Re: [private-measurement] Questions about Collusion - What can be done about the collusion risk in these systems? (#12)

This is a threat model question that is dependent somewhat on the nature of the solution we choose.  It is irrelevant if we decide that the information we produce can be entrusted to sites without any intermediation or conditions.  To be clear, my view is that that outcome is unequivocally unacceptable, but it is one that I have heard expressed so it is worth stating.

The starting point for any threat model is the goal of the system and the motives and incentives of various actors who we might consider to be adversarial to those goals.  The goal of this system is to protect information about the browsing activity of web users, but to provide sufficient information that advertisers, publishers, and those they work with are able to understand how advertising performs.  What "sufficient" means here is going to be a good deal of what this group eventually spends time on, but anything short of revealing all data requires us to consider the question of collusion.

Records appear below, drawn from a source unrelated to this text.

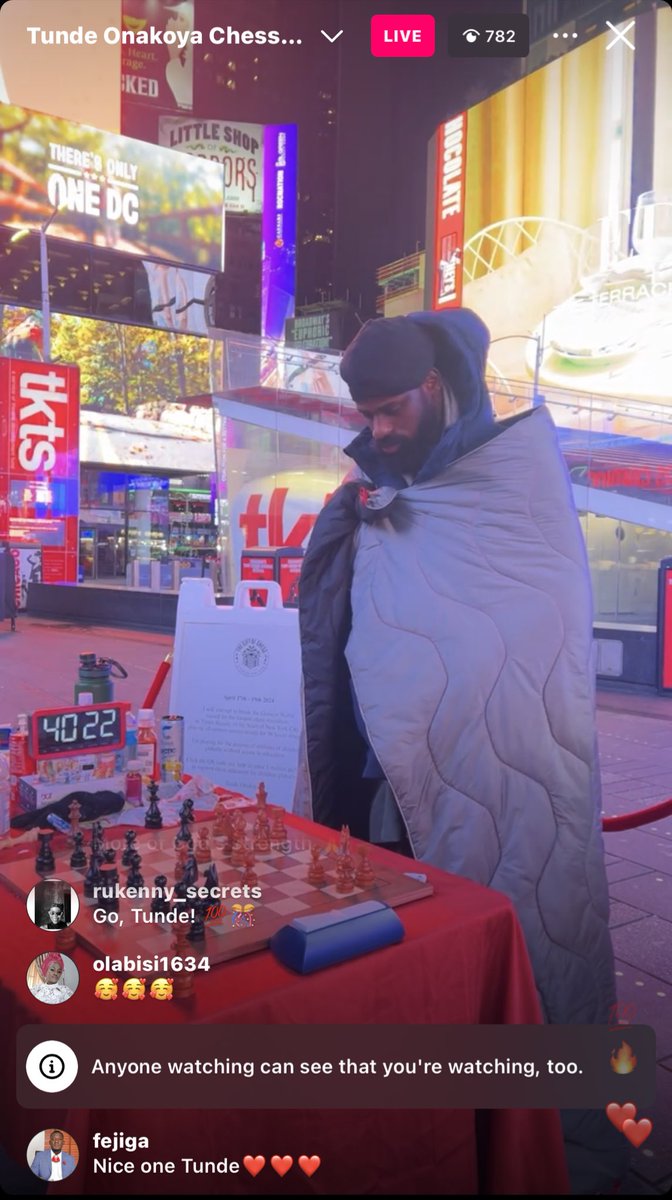 It’s official!

Tunde onakoya has played chess for 40 hours!😱

18 more hours to go, and he becomes the Guinness World Record holder for the longest time in playing chess.♟️💪🏾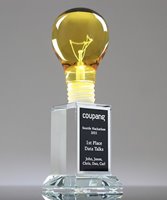 Picture of Yellow Light Bulb Crystal Trophy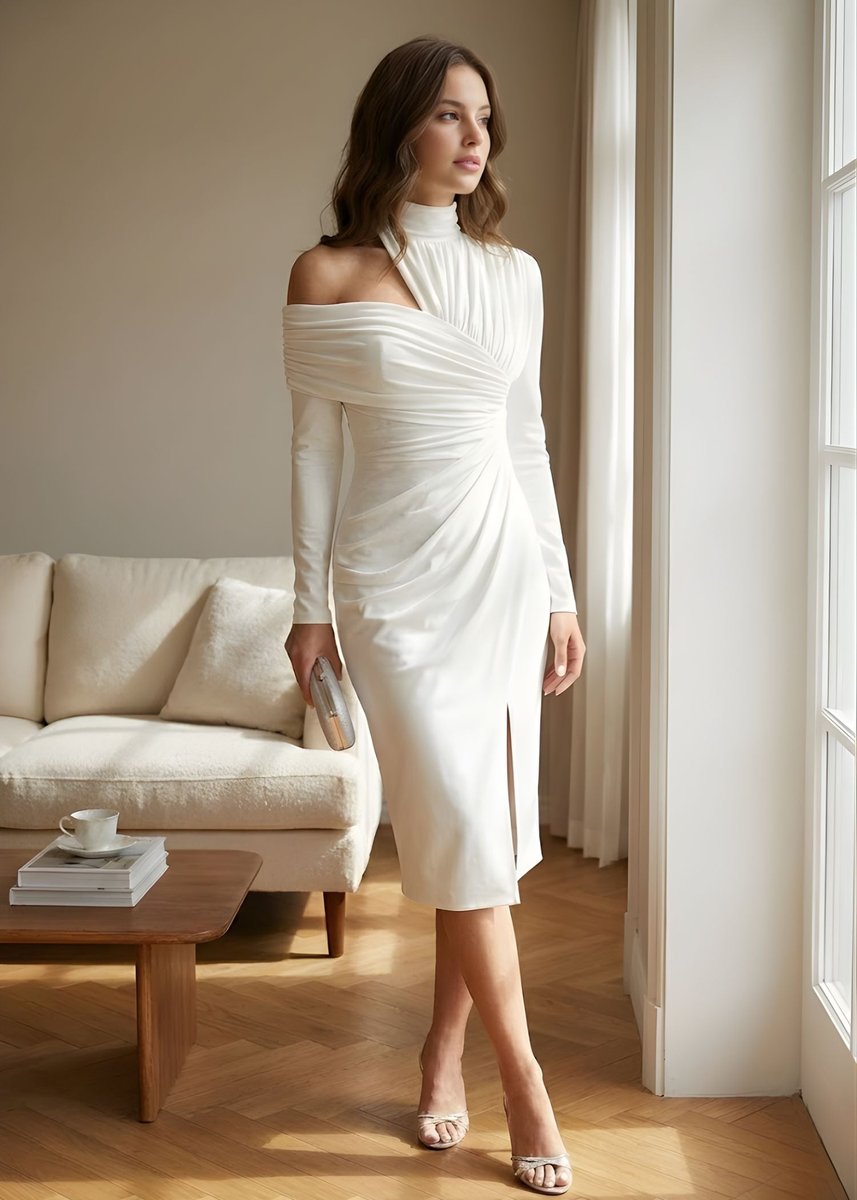Women's Fall Wedding Guest Dress Asymmetric Draped One-Shoulder Midi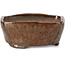 Pot à bonsaï carré brun rouge par Bonsai - 105 x 100 x 43 mm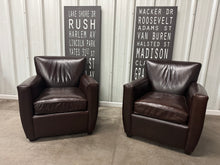Crate & Barrel Streeter Leather Club Chairs (2) & Ottoman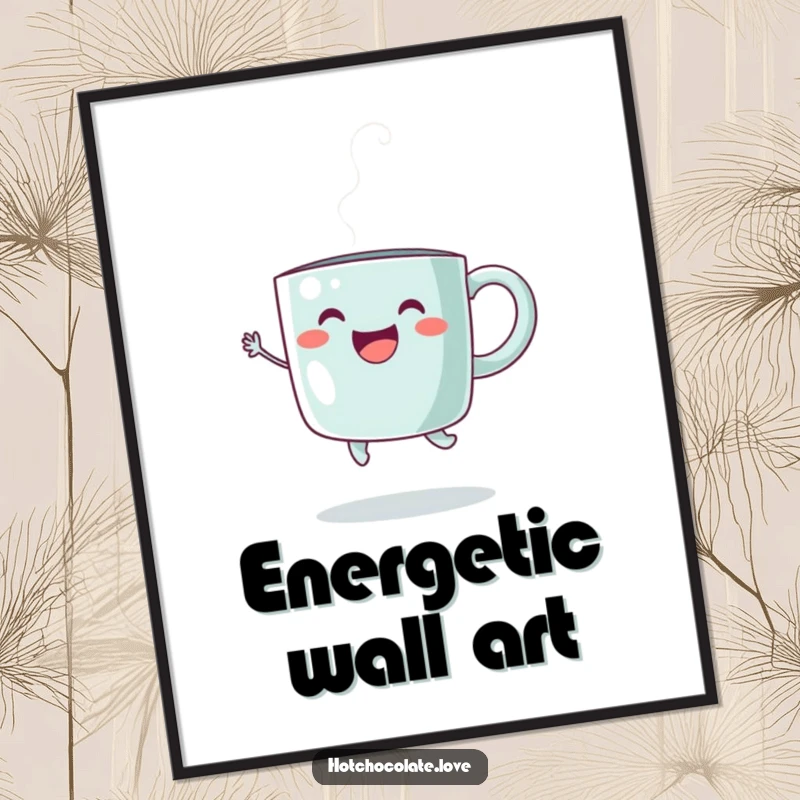 Funny Digital Art Print of a happy steaming mug in a joyful jump, exuding energetic humor and vibrant cheer.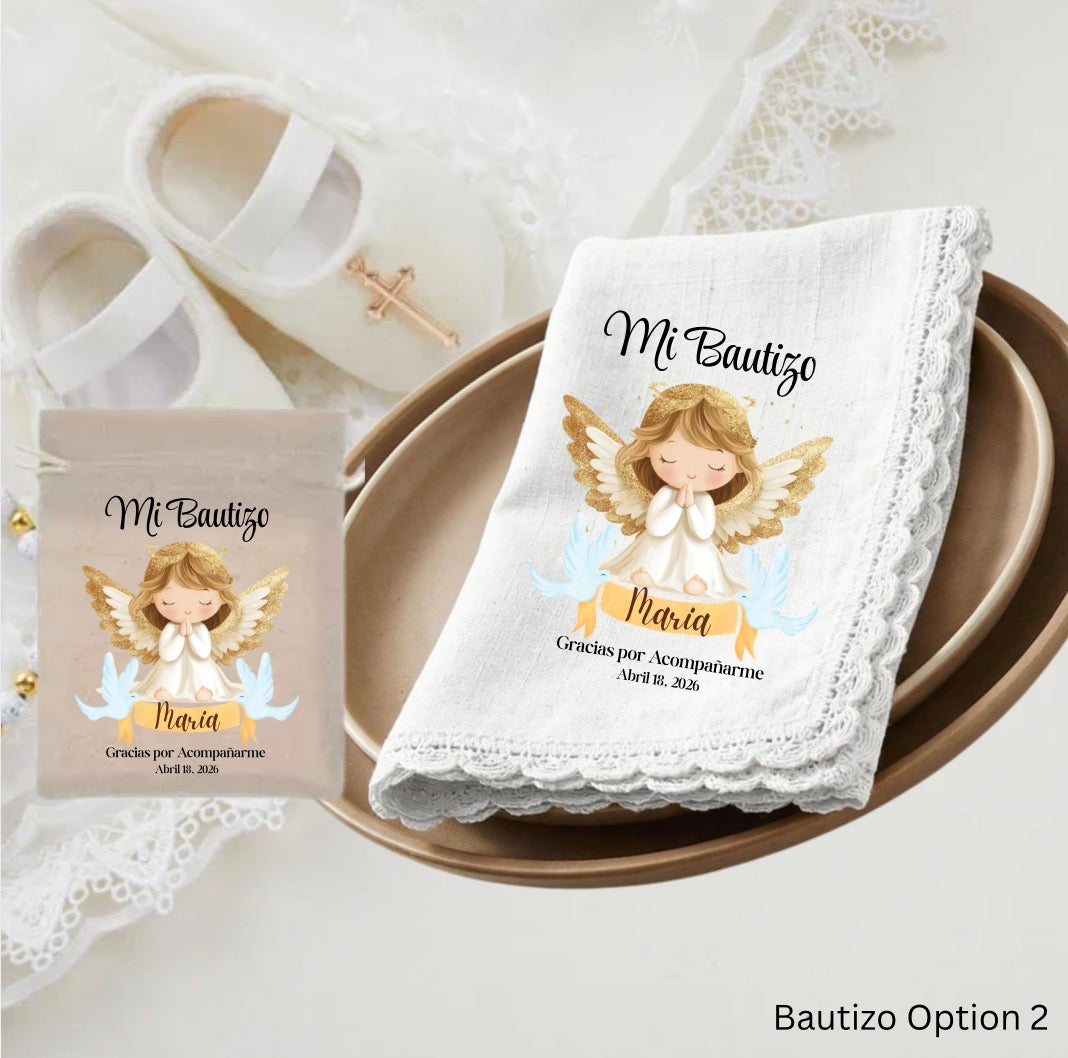 Cervilletas y Bolcitas Personalizadas para Bautizo y Primera Comunion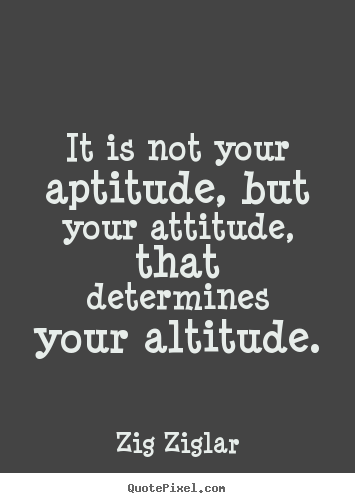 Create picture quotes about success - It is not your aptitude, but your attitude, that determines your..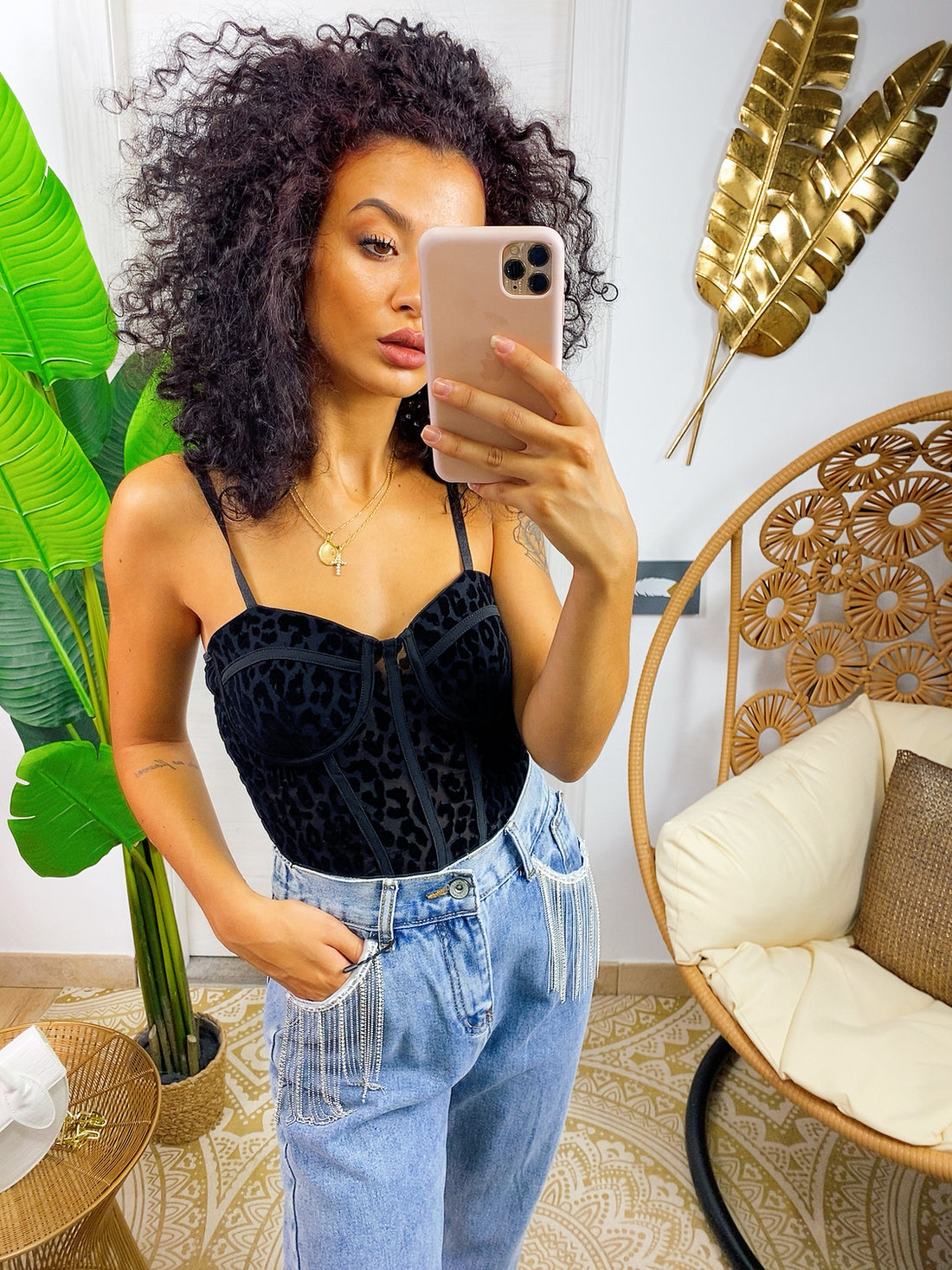 Body in trama animalier nero - R.a. Boutique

Adversaries in this case are those that seek to obtain more information than the system is designed to reveal.  I hope that it isn't necessary to articulate precisely why an adversary might find this information worth seeking.  Adversaries might seek to collude with other actors in the system to gain access to this information.  If we design a system that depends on certain actors gaining access to more information than what is sufficient, then those actors are a potential target for collusion.

When we say collusion, we might also consider the risk that an actor might be subject to compromise or attack.  Software, hardware, and systems are invariably imperfect.  An attack that leads to access to information - whether covert or not - looks little different to collusion.  The strategies we might employ to manage collusion risk also need to consider vulnerabilities.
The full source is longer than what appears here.